In general, if I had a bunch of static mut variables that I wanted to access by name instead of passing their references around everywhere, I'd consider a 'phased' design, where in one phase, I access the variables as strictly read-only (holding onto as many immutable references as I'd like), and in the other phase, I carefully read from and write to the variables one at a time, not holding onto any dangerous references between each access. (In a game context, these two phases might be rendering the state vs. updating the state.)

Alternatively, as much as possible, I'd consider encapsulating the static muts into safe getter and setter functions that don't keep any references. E.g., instead of directly iterating over &mut PLAYERS, create a function that allows updating them by value:

pub fn update_players(mut f: impl FnMut(Player) -> Player) {
    let len = unsafe { (*&raw const PLAYERS).len() };
    for i in 0..len {
        let old_value = std::mem::take(unsafe { &mut PLAYERS[i] });
        let new_value = f(old_value);
        unsafe { PLAYERS[i] = new_value };
    }
}

/* ... */

update_players(|mut p| {
    p.x += p.v_x * dt;
    p.y += p.v_y * dt;
    p
});

(Of course, it wouldn't have to be quite so generic: an update_player_pos() function containing an ordinary for p in &mut PLAYERS { ... } loop would also work. The important part is that each wrapper function only accesses one variable at a time, and it doesn't let any references to the variable get out, similarly to a safe Cell.)

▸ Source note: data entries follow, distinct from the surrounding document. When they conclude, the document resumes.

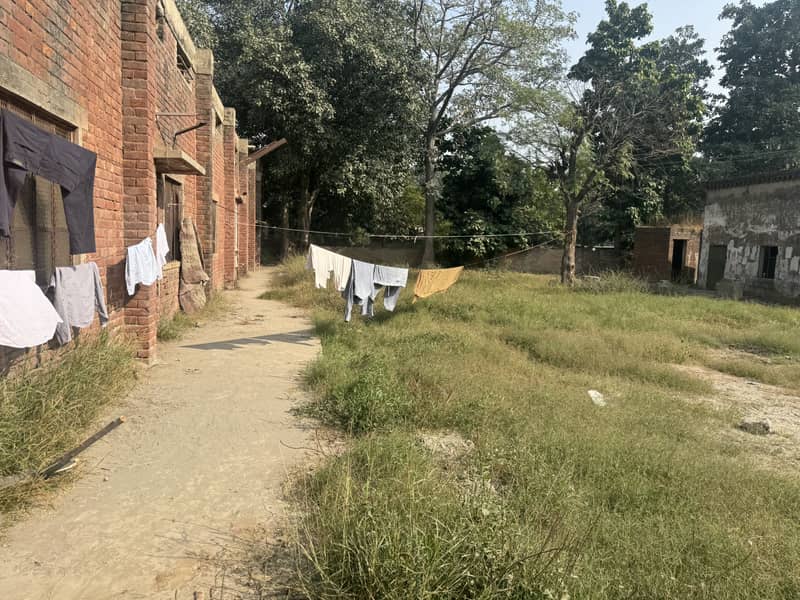 2 Kanal Plot Near To Park And Commercial Market 3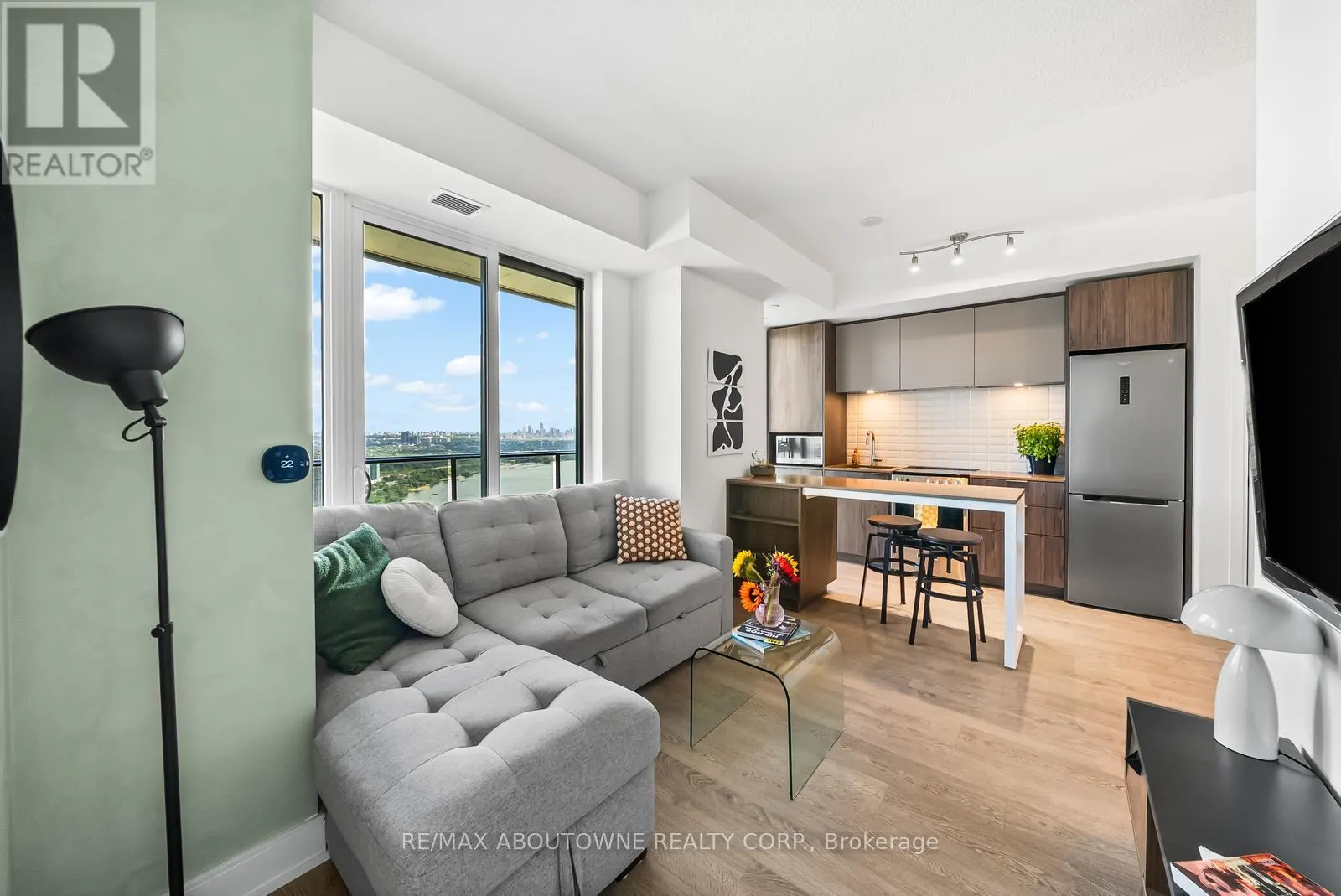 5103 - 70 ANNIE CRAIG DRIVE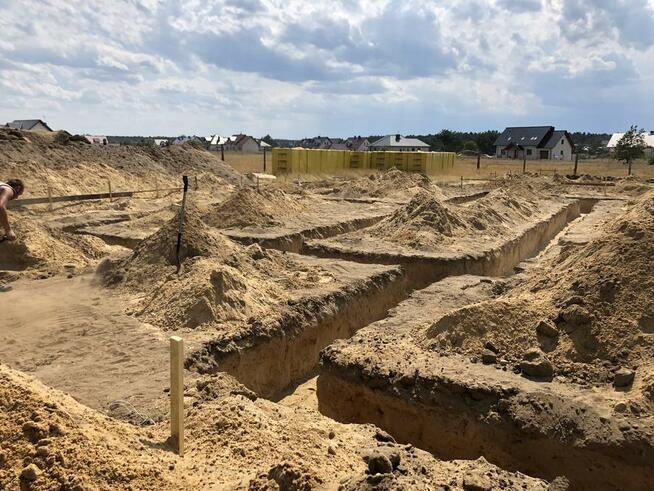 Usługi Koparką Trzebnica Roboty Ziemne Kopanie Stawu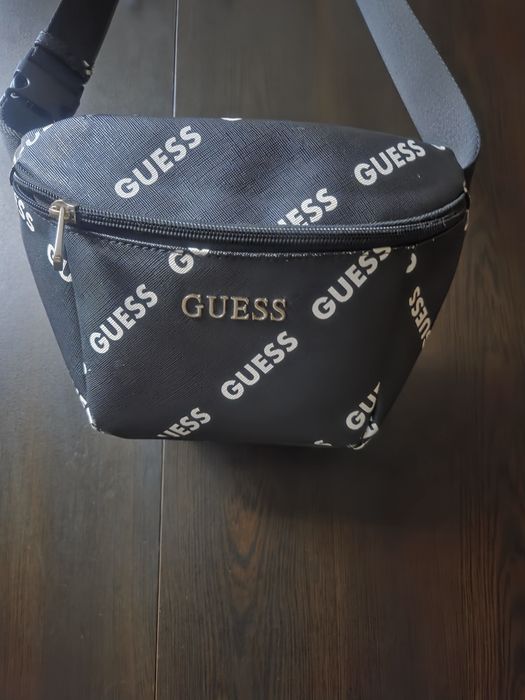 Дамски чанти и раници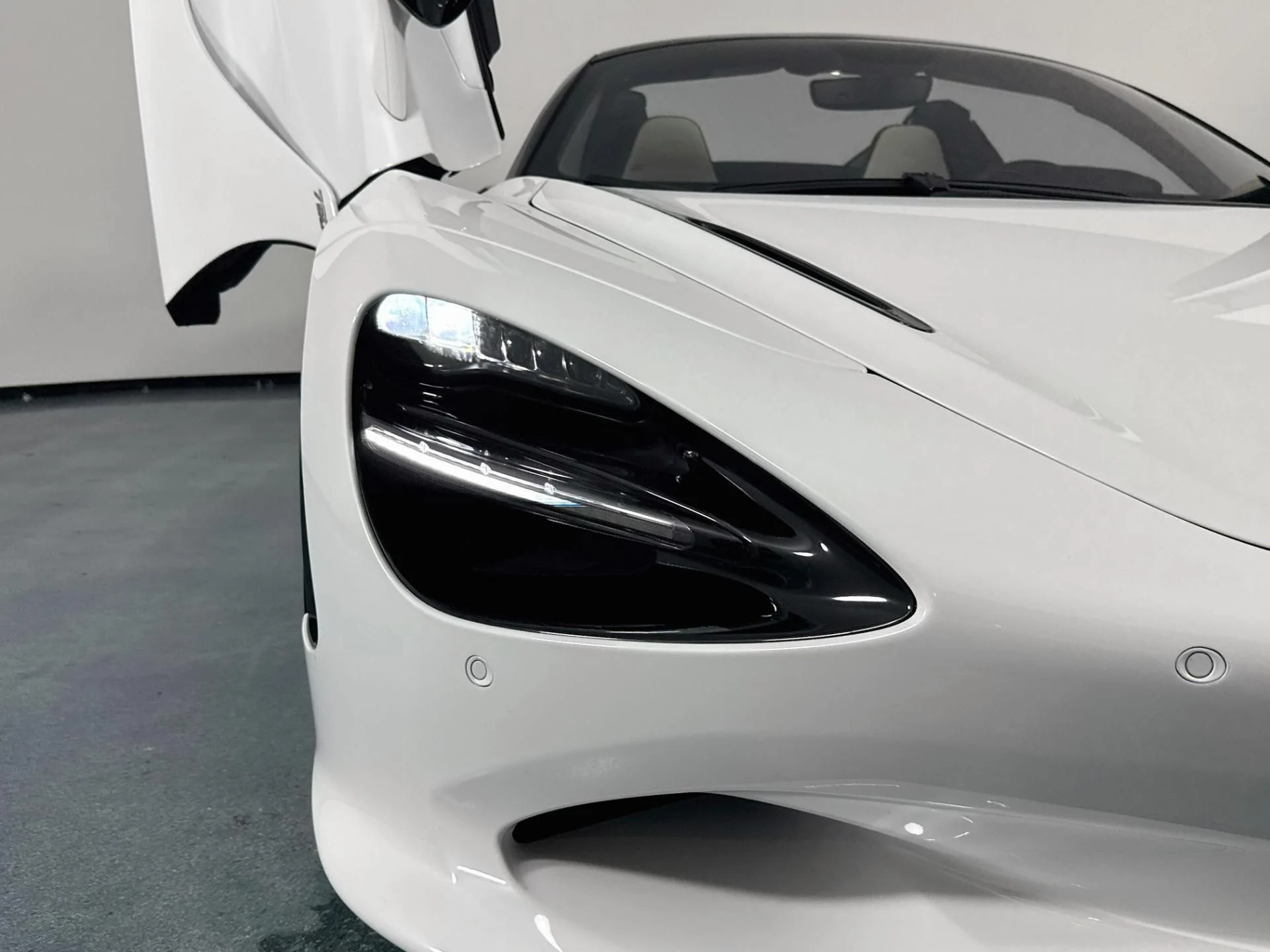 mph065_921315903_Used_2024_Mc_Laren_750_S_Spider_1788340261_e08bfee20a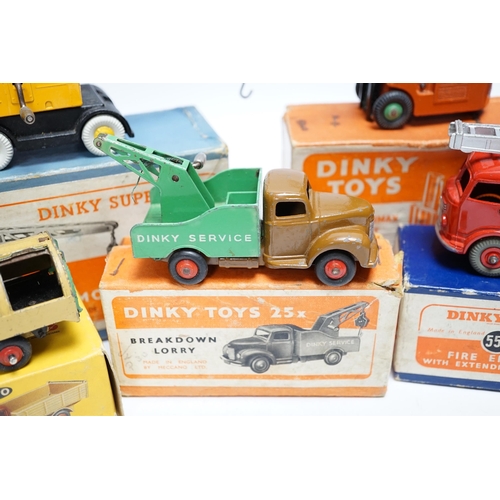 256 - Five boxed dinky toys including (25x) breakdown lorry, (410) Bedford End Tipper, (555) Fire Engine, ...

Note that in that work we did not consider Stacked Borrows / Tree Borrows requirements you are discussing here. We showed that the type does not violate any type system requirements, but we have yet to merge that line of work with the full suite of Rust language requirements including the aliasing rules.

OTOH, proving some concrete program is a lot easier than proving soundness of a reusable library.

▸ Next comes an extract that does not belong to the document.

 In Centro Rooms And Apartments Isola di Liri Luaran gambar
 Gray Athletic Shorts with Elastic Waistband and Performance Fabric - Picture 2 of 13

The same goes for shared references. So really, the statement should be: if you exclusively use raw pointers, you are fine.

Note that we have not decided yet whether MY_STATIC = 5; and *(&raw mut MY_STATIC) = 5 are equivalent. Until we have decided that, direct accesses to the static should not be mixed with raw pointer accesses.

Of course it's easier to prove for a specific case than the general; however the point I was attempting to make is that there is a big difference between saying "it is easy to prove…" and actually proving that thing whether that "thing" is a general case or specific example.

When one wants to escape the guarantees Rust's type system provides, then I think it's reasonable to set a higher bar for what is acceptable due to the ramifications of safety violations that can occur. Anyone that has read some of your posts should know just how crazily easy it is to write incorrect code. Mind you I'm not someone who automatically finds a crate without forbid(unsafe_code) as "inferior" to a crate that has it—I write unsafe code when I deem it necessary/worth it—but I do hold such code to a higher level of accountability.

I shouldn't have stated that GhostCell was proven to not violate the aliasing rules though. I apologize for the mistake.